In English we use the phrase " bee in one's bonnet" to explain someone with an obsession for a particular point of view. In Chinese, a similar idiom is 挥之不去, meaning you can't wipe out the stain.
Have a look at this article today by Reuters, about the IPO process in China. To me, the reporters started off this story with a bee in their hats, that China's domestic IPO industry remains a nest of corruption, manipulation and ominous doings by the regulator, the CSRC. They found someone to quote, and then asked me for my opinion. I shared it across several emails. As you'll see, I end up being quoted in the article providing something of an antidote to all the negativity. I don't think, to switch back to the Chinese, I quite wiped away the stain.
Here's the story that didn't get reported. In the last five weeks, China's domestic stock markets had 48 successful IPOs. That is exactly 48 more than China had in all of 2013, and ahead of the successful IPOs so far this year in Hong Kong and the US. In my view, China is on track, as I said in one of those emails to the Reuters reporter, "to shatter all worldwide records for number of IPOs in a year and money raised."
That's big news. Instead, the article focuses on a whole lot else that all boils down to dark mutterings, but not a lot of facts, suggesting that insider trading is or may become rife; that there's some form of "moral hazard" at work here. Hard to refute. Equally hard to confirm.

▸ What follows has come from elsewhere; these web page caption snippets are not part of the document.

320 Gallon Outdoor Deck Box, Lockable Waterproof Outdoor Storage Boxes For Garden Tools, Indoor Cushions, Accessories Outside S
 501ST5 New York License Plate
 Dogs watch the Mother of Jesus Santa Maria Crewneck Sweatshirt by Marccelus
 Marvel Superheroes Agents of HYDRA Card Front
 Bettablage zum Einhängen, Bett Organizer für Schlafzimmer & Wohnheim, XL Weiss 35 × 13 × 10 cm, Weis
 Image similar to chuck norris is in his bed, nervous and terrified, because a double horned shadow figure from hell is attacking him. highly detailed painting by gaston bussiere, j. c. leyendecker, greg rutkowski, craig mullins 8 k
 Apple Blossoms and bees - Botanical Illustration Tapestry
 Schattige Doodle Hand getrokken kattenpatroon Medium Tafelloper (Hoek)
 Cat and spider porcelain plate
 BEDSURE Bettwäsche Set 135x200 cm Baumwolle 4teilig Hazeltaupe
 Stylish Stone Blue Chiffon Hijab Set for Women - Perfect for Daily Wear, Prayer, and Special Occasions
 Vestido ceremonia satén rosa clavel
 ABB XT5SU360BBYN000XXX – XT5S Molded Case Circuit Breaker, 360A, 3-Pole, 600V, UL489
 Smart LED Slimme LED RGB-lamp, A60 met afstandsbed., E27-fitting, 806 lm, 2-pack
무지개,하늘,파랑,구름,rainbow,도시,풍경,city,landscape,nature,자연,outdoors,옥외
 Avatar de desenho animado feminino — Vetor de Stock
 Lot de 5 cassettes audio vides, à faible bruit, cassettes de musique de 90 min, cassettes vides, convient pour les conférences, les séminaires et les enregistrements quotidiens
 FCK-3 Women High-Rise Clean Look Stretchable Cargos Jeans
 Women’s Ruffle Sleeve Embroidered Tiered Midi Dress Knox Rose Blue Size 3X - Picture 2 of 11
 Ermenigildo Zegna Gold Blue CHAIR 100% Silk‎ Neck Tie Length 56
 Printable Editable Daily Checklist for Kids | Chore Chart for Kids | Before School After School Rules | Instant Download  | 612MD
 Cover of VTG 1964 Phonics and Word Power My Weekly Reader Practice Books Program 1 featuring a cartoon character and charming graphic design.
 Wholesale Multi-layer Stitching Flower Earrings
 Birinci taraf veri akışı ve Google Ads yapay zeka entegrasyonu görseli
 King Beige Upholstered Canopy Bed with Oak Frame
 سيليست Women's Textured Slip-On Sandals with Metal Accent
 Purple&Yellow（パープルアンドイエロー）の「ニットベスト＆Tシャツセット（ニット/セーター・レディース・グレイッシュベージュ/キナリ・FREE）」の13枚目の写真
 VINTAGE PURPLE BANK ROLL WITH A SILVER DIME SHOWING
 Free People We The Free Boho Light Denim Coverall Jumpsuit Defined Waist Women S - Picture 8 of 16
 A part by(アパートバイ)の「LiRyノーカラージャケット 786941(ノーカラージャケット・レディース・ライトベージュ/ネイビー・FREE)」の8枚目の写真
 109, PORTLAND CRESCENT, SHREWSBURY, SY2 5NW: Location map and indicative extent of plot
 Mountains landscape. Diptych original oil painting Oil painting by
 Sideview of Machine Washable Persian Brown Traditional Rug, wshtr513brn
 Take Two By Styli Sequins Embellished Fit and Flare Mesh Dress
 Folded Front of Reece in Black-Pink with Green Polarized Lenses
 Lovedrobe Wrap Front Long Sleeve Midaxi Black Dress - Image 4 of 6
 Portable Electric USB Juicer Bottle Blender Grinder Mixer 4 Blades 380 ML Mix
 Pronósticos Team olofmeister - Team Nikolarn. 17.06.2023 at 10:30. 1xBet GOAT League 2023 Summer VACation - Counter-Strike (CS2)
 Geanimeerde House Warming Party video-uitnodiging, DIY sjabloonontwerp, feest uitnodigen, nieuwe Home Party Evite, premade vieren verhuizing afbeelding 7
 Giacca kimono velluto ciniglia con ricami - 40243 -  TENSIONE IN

The one example cited, of the cancelled Jiangsu Aosaikang, is said by an unnamed source to be "most heavily intervened IPO in the history of China". IPOs, for those keeping score, get pulled all the time, everywhere, most often because investors wouldn't commit to buying all the shares on offer.
What happened with the Jiangsu Aosaikang IPO no one can say for sure. But, the quote is just silly. Until two months ago, all China IPOs involved a level of direct, disclosed, intensive intervention by the CSRC that covered not only the IPO offering price, but included too the CSRC making decisions on which Chinese companies should IPO, when, with what level of profits. This was intervention on a grand, intentional and absolutist scale.
We're only in the second month of the new IPO regime in China. Things might degenerate. The CSRC and market participants like underwriters are still feeling their way forward. But, there's ample room for optimism here: a highly-damaging IPO embargo is over, Rmb 3 billion ($5 bn) has been raised, and there's clearly investor appetite for more new issues.